Выпили оставшуюся водку, и Сашка заторопился. Взвалил на плечо мешок, взял в руку аккордеон, зашагал на большак. Вскоре «проголосовал» попутной полуторке, попросил шофера добросить до деревни. Шофер, молоденький украинец, с голубыми в пушистых ресницах глазами, приветливо сказал:
— Сидайте. Чего ж не добросить. Такому чоловику, як вы, всегда рады.
Когда до деревни оставалось километра четыре, Сашка попросил остановиться:
— Я тут пешком дойду.
— Та, чего ж вы, я же и до самой хаты бы довез.
— Спасибо. Не надо. Места родные, понимаешь! Пройдусь, погляжу!
— Понимаю, — парень немножко помолчал. — Ридно мисто, оно и есть ридно… Ну, тогда счастливенько вам!
Полуторка стрельнула громко, рванулась с места. Сашка легко перепрыгнул кювет и зашагал напрямик к Васькиному хутору.
Озеро и поляна были объяты той колдовской тишиной, от которой становится немного не по себе. Ни одна веточка не шевельнется. Все уснуло. И кажется, кто-то затаился в лесу, вот-вот закричит или застонет… Но до чего же она маленькая, эта краснеющая от земляники Васькина поляна — Сашкино и Рамазаново детство! Сашка постоял на том месте, где когда-то стояла изба (осталось несколько подгнивших столбиков, заросших крапивой), нашел камень на берегу, с которого прыгали голышами в воду. Искупался и лег на траву.
…Вместе с отцом и Рамазаном они косили здесь сено. Отец отбивал литовки, а Сашка командовал Рамазанкой: «Равняйсь!», «Смирно!», «Вперед, шагом марш!» И начинал считать по-казахски: «Бир-экев», «бир-экев», «раз-два», «раз-два!» Отец сразу замечал бездельников и говорил: «Сашка! Буруху поймай, своди к озеру, напой! Рамазанко, возьми лагушку, принеси воды. Да не у самого берега черпай, щелок, а подальше в воду зайди, штаны-то сыми!»

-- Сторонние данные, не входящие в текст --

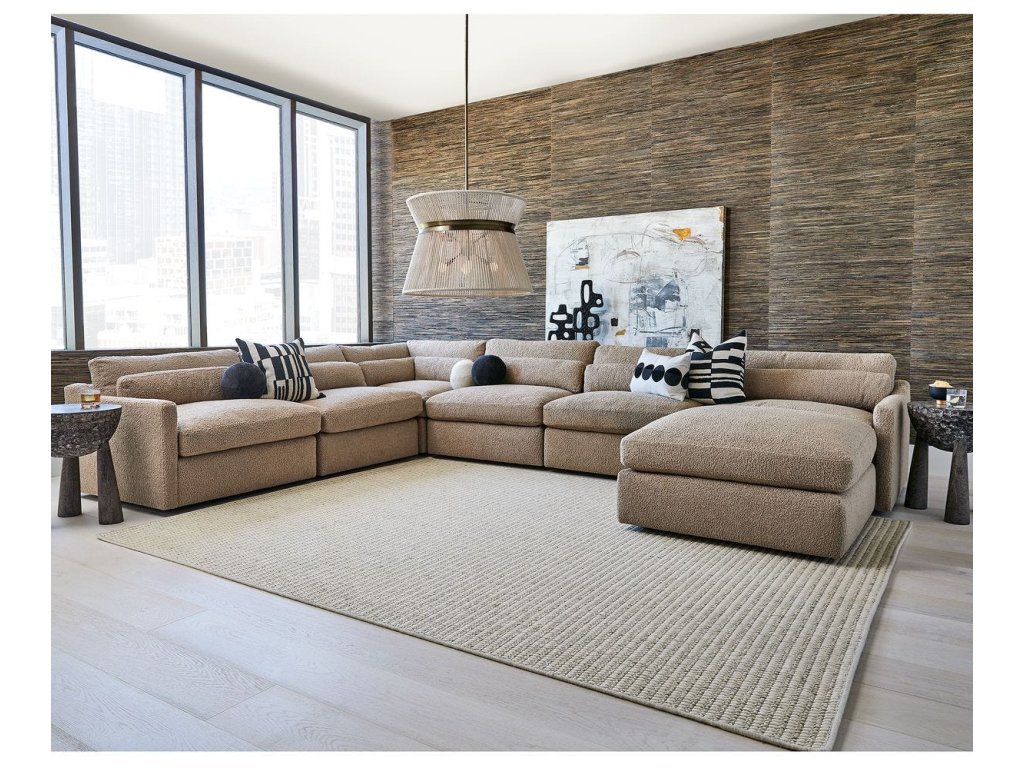 Slope Sofa, Corner - Toast Faux Sheepskin - image 1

Тимофей Лопатин растил сыновей в труде, не делил на родного и неродного. Который провинится, тому всыплет.
…Была Рамазанова свадьба. Рамазан стоял за столом белозубый, с хитрющими глазами, в плечах — широк, в поясе — как оса…
…А это в сорок четвертом уж было. Приехал в часть генерал армии. Был он высок, плечист, щеголеват. Но простой, свойский. Там, возле гранитной скалы, недалеко от Рамазановой могилки, собрал всех орденоносцев, всех, кто долгое время держал оборону. Говорил о наступлении, о близком конце войны. Солдаты клялись оправдать доверие Военного совета армии, нанести решительный удар немцам. Потом он подошел к могиле Рамазана. «Кто здесь лежит?» — спросил. — «Орденоносец, снайпер Карлеутов!» — ответил, вытянувшись, маленький комбат. — «Мой хороший друг, товарищ генерал армии!» — выскочил стоявший поблизости Сашка и испугался своей выходки. Но командарм лишь горько покачал головой: «Тяжело терять друзей! Очень тяжело!»
…Зинка, наверное, переварила в себе горе. Четыре года прошло… Сашка даже вздрогнул: «Зинку и детишек не забудь… А лисиц я не убивал… никакого зверя не убивал!» Эти слова сказал кто-то сейчас, вот только что, очень слышно. Сашка поднялся, осмотрел полянку. Посмеялся над собой: «Ну и нервишки! Разболтался совсем!» Вновь упал на траву, закрыл глаза и задал себе простой практический вопрос: «Что будешь делать?» И тут же нашел ответ.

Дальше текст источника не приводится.